Panel: 316,020 directed dyad-period observations (230 countries ×
52,670 dyads × 6 periods, 1990–2015). 99.57% completeness.

GCM ensemble (CMIP6): ACCESS-CM2, GFDL-ESM4, IPSL-CM6A-LR, MIROC6,
MPI-ESM1-2-LR. Selection rationale: documented performance,
independence across 5 research centers, availability across all 4 RCPs.

Anomaly baseline: WMO 1961–1990; projections calibrated via
model-specific 1995–2014 reference.

SSP→RCP mapping: SSP1=ssp126, SSP2=ssp245, SSP3=ssp370, SSP5=ssp585.
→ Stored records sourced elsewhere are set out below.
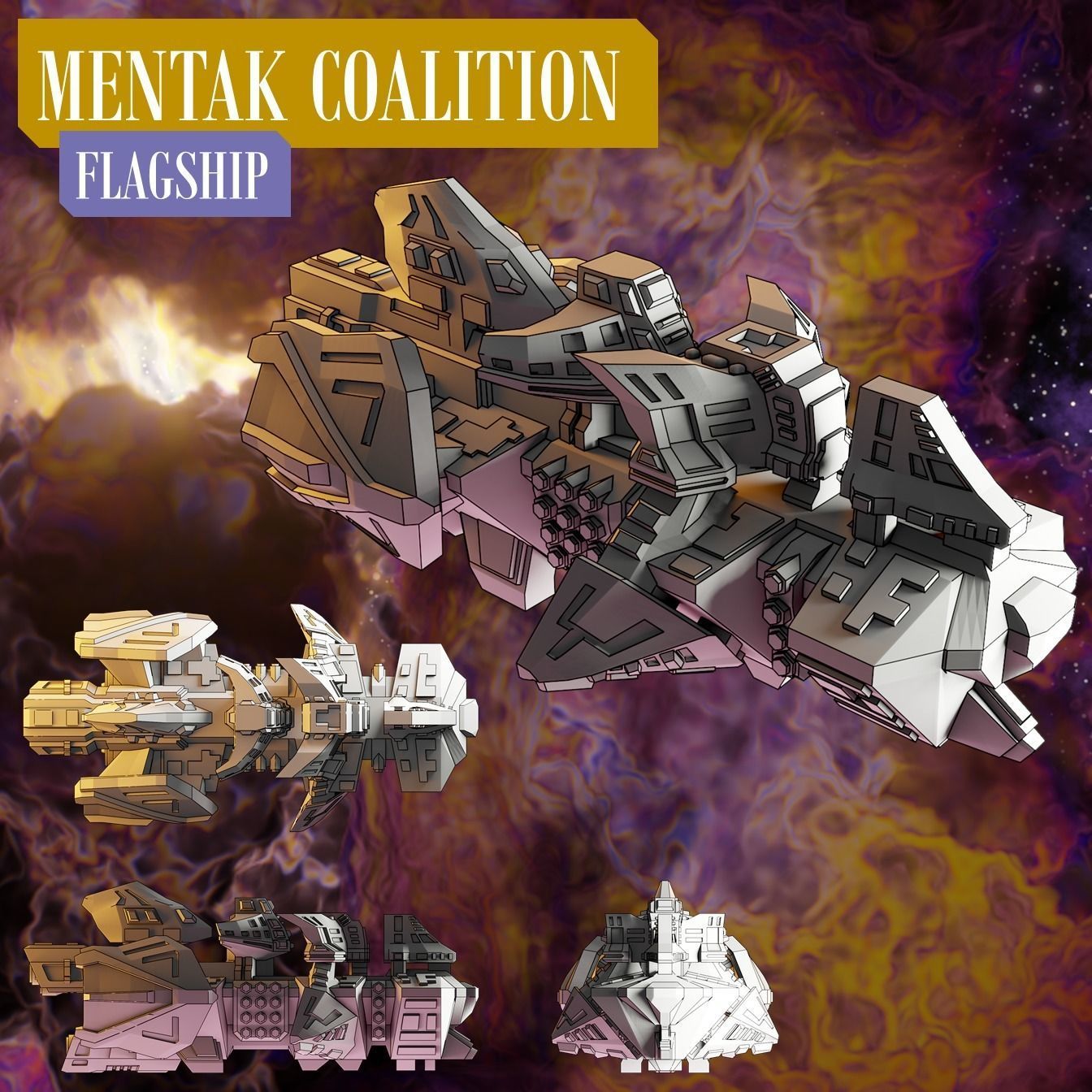 Twilight Imperium ships Mentak Coalition 3D print model_2
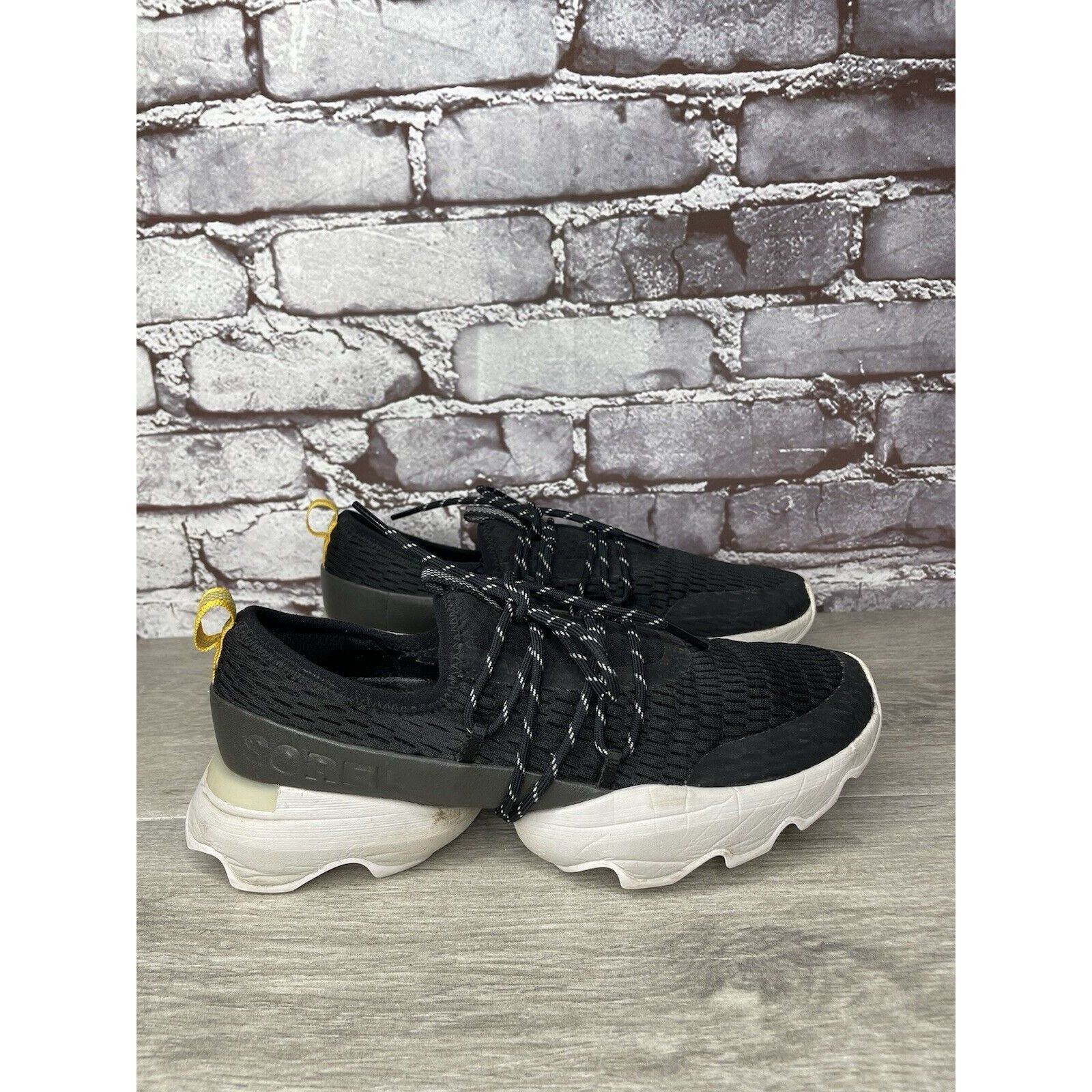 SOREL Sorel NL4694-010 Black Synthetic LaceUp White Casual Shoes W Size US 7.5 / IT 37.5 - 3 Thumbnail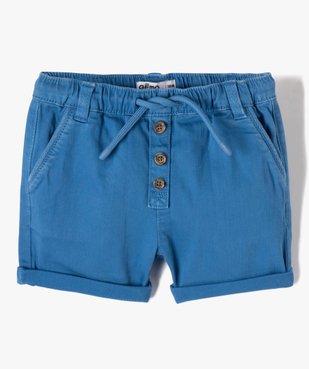 Short bébé garçon en denim coloré vue1 - GEMO(BEBE DEBT) - GEMO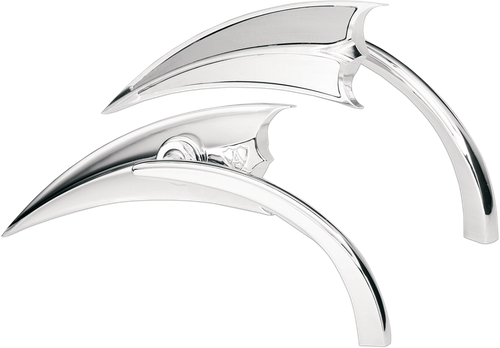 Open Box ARLEN NESS 13-060 Mirror - Micro - Scoop - Side View - Triangle - Chrome - Left - Micro Scoop Side View Triangle Chrome Left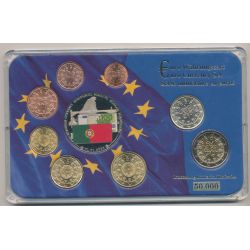 Portugal - Coffret 8 Monnaies - 1 Cent à 2 euro + Médaille 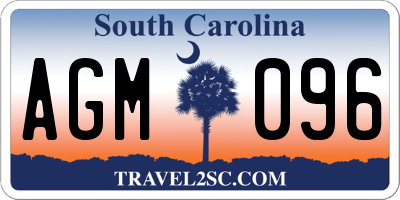 SC license plate AGM096
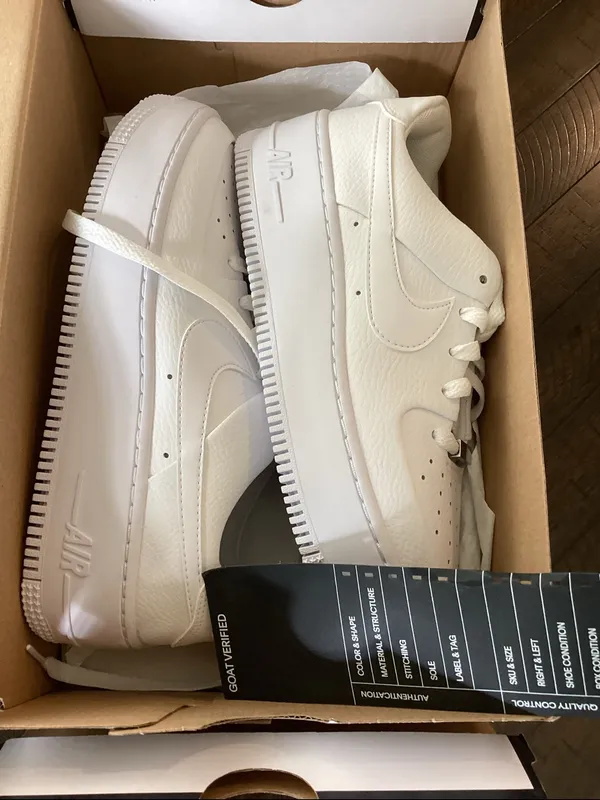 Nike white air force 1 sage low sneakers, White, Size 8, NWt - Image 3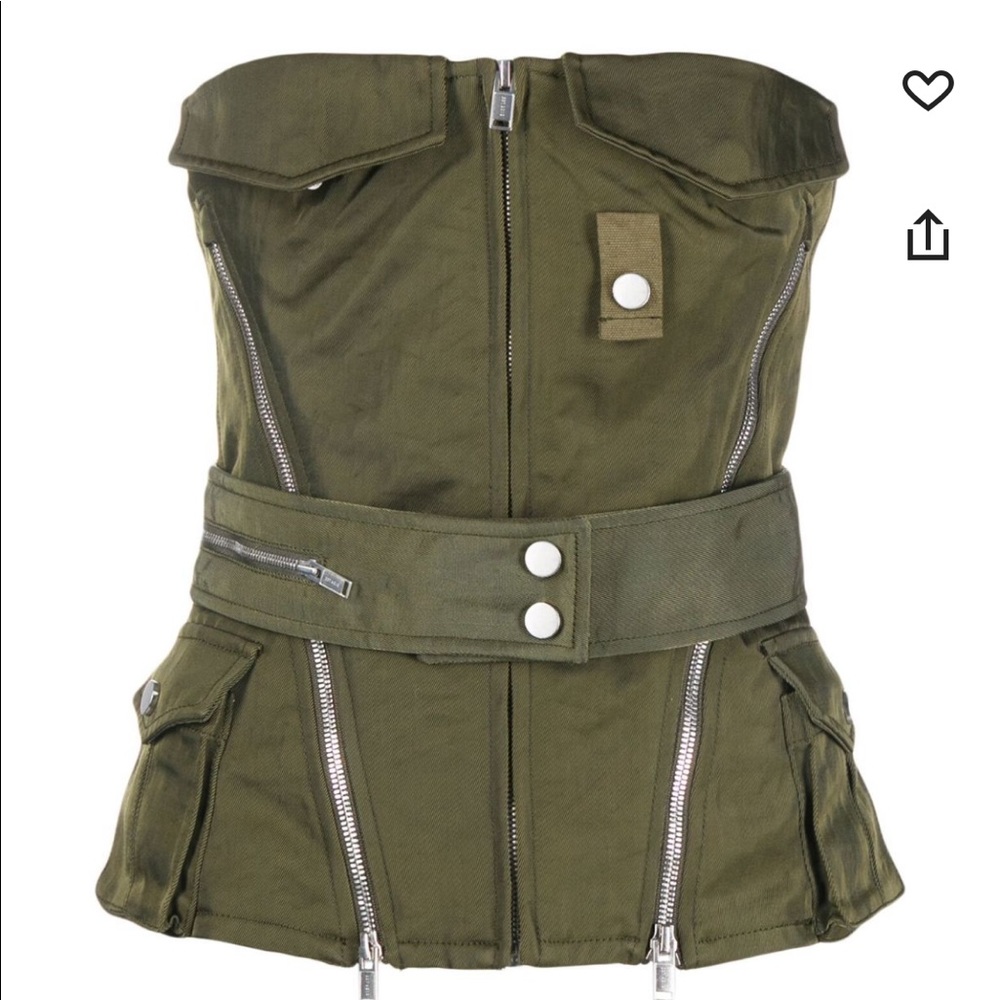 Dion lee corset top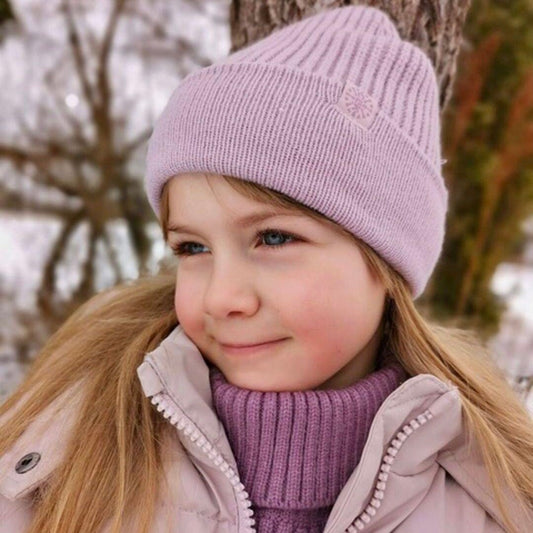 Tuque en tricot doux - Lilac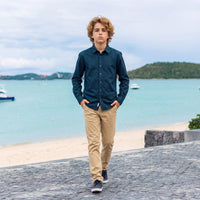 Junior Killer Teal Blue Slim Fit Shirts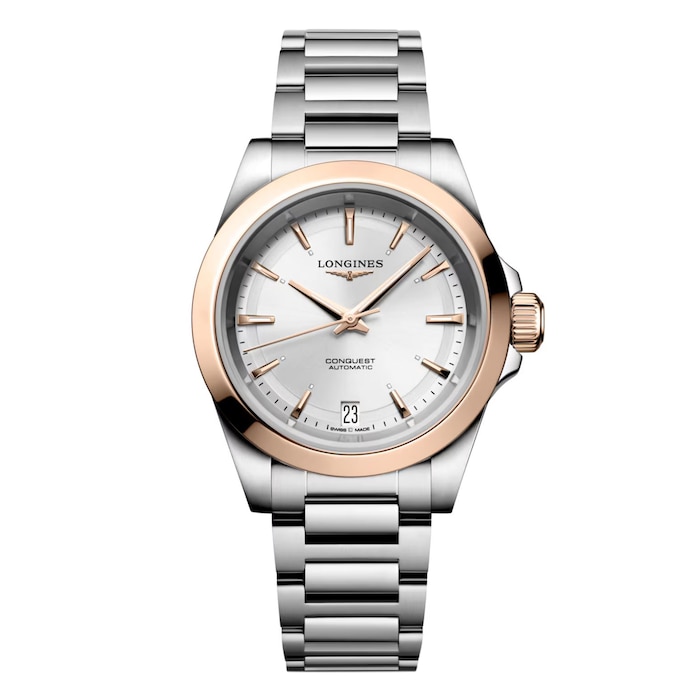 Longines Conquest 34mm Ladies Watch Silver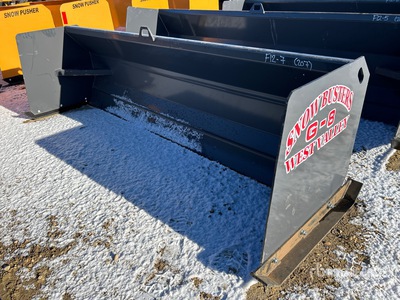 Industrias America G8 96 in Skid Steer Snow Pusher (Unused)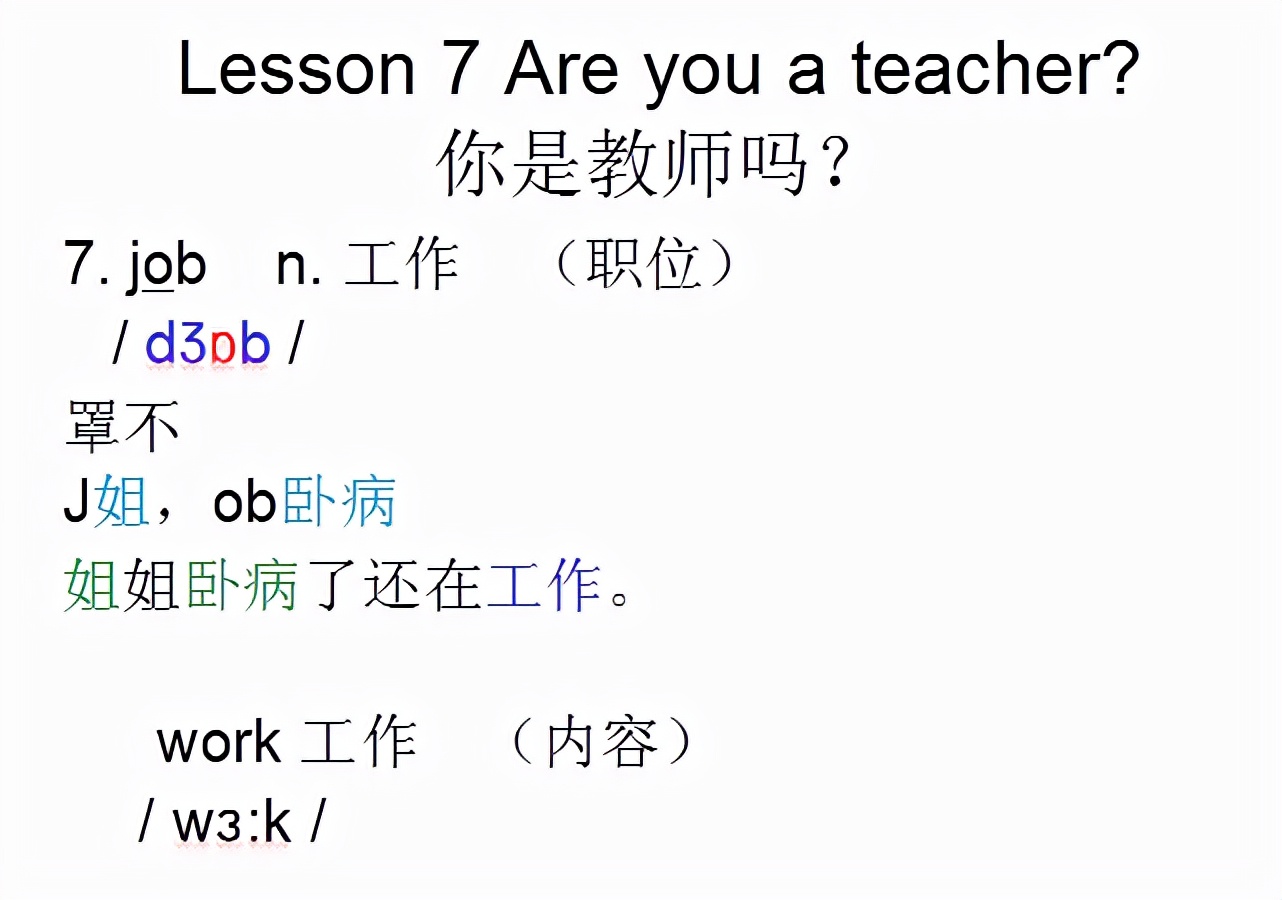 新概念英语第一册lesson10-20,新概念英语第一册语法详解lesson8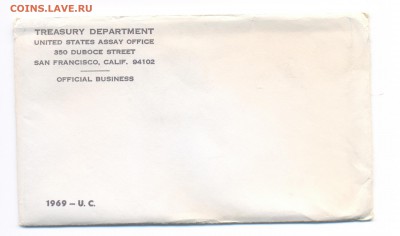 Ag. США набор 1969 в блистере. Денвер. UNC. До 7.12 22:00 - 5а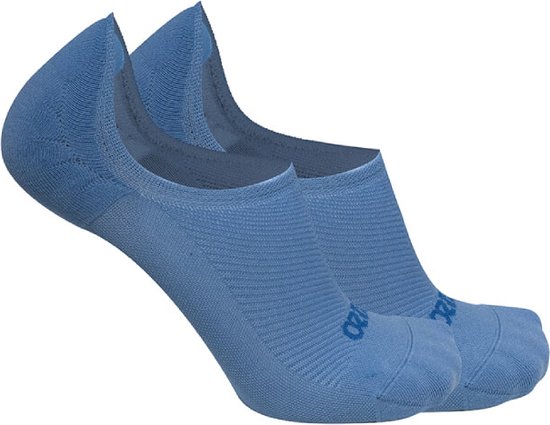 OS1st Nekkid comfort footies maat L (44-48) - blauw – siliconen hiel grip - lichte compressie – minimaliseert wrijving en blaren – naadloze teen – vochtafvoerend - antimicrobieel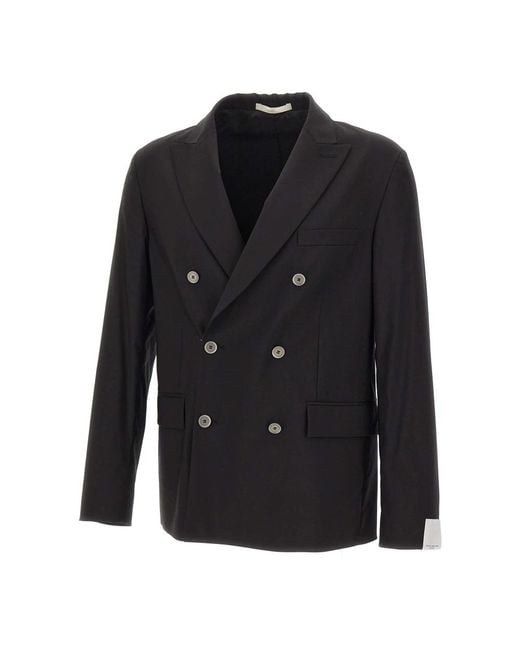Paolo Pecora Black Blazers for men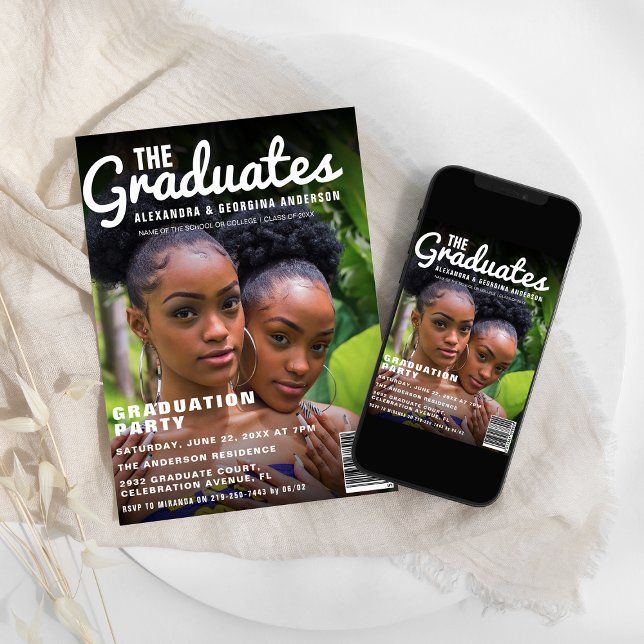 The Graduates Joint Graduation Party Invitation (Creator Uploaded)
Missing data: core predictors <0.1% missing. Time-invariant bilateral
variables (distance, colonial ties) need no imputation. Slowly
evolving variables (GDP, governance) use linear interpolation.

## 5. Glossary (21 terms)

- MPI — Migration Pressure Index. Composite index (0–1) from 5 stress
  components. Higher = more migration pressure.
- TPI — Trapped Population Index. Combines migration pressure (MPI)
  with limited mobility. Flagged at P95 within SSP. High TPI = high
  stress AND low mobility.
- SSP — Shared Socioeconomic Pathways. IPCC scenarios: SSP1
  (Sustainability), SSP2 (Middle of the Road), SSP3 (Rivalry), SSP5
  (Fossil-fueled).
- ND-GAIN — Notre Dame Global Adaptation Initiative. Climate
  adaptation score (0–100).
- Net Migration — Immigration minus emigration. 5-year cumulative.
  Positive = net inflow.
- Scenario — Narrative future scenario: Baseline, Climate Extreme,
  Fragmentation, Adaptation Success.
- Flow Rate — Migration rate per 1,000 origin population per 5-year
  period.
- Corridors — Bilateral origin–destination pairs (e.g. MEX→USA).
- WGI — Worldwide Governance Indicators. World Bank index:
  Government Effectiveness (GE), Rule of Law (RL). Scale: −2.5 to +2.5.
- Temperature Anomaly — Deviation of mean temperature from reference
  period 1986–2005, in °C.
- Precipitation Anomaly — Deviation of precipitation from reference
  period 1986–2005, in mm/year.
- Diaspora Stock — Cumulative stock of migrants from origin in
  destination country. Network effect.
- Gravity Model — Migration flows as a function of mass (population)
  and distance — analogous to physical gravity.
- Stacking Ensemble — Combination of three models (GAM 31.7%, RF 33.3%,
  XGBoost 35.0%) via Ridge meta-learner on out-of-fold predictions.
  OOF R² = 0.826.
- CMIP6 — Coupled Model Intercomparison Project Phase 6. Climate model
  ensemble for projections through 2100.
- IPF — Iterative Proportional Fitting. Calibration method that aligns
  model predictions to known marginal totals (UN WPP).
- CPI — Conformal Prediction Intervals. Distribution-free uncertainty
  intervals (50% and 90% coverage) based on out-of-fold residuals.
- OOF — Out-of-Fold. Predictions on data not used during training
  (cross-validation). Avoids overfitting bias.
- SHAP — SHapley Additive exPlanations. Explainability method that
  quantifies each feature's contribution to the prediction.

## 6. Privacy & policy

- No tracking, no third-party cookies, no Google Analytics, no Meta
  Pixel, no advertising.
- Single localStorage flag stored client-side: `mse_welcome_dismissed`
  (remembers dismissal of the welcome dialog). GDPR / § 25 TTDSG
  compliant; no consent banner required because no tracking takes place.
- Server logs: standard HTTP access logs, retained 14 days, no IP
  hashing required for analytics because no analytics are run.
- All projections released under CC BY-NC 4.0; raw third-party inputs
  remain under their respective upstream licenses (see data catalogue).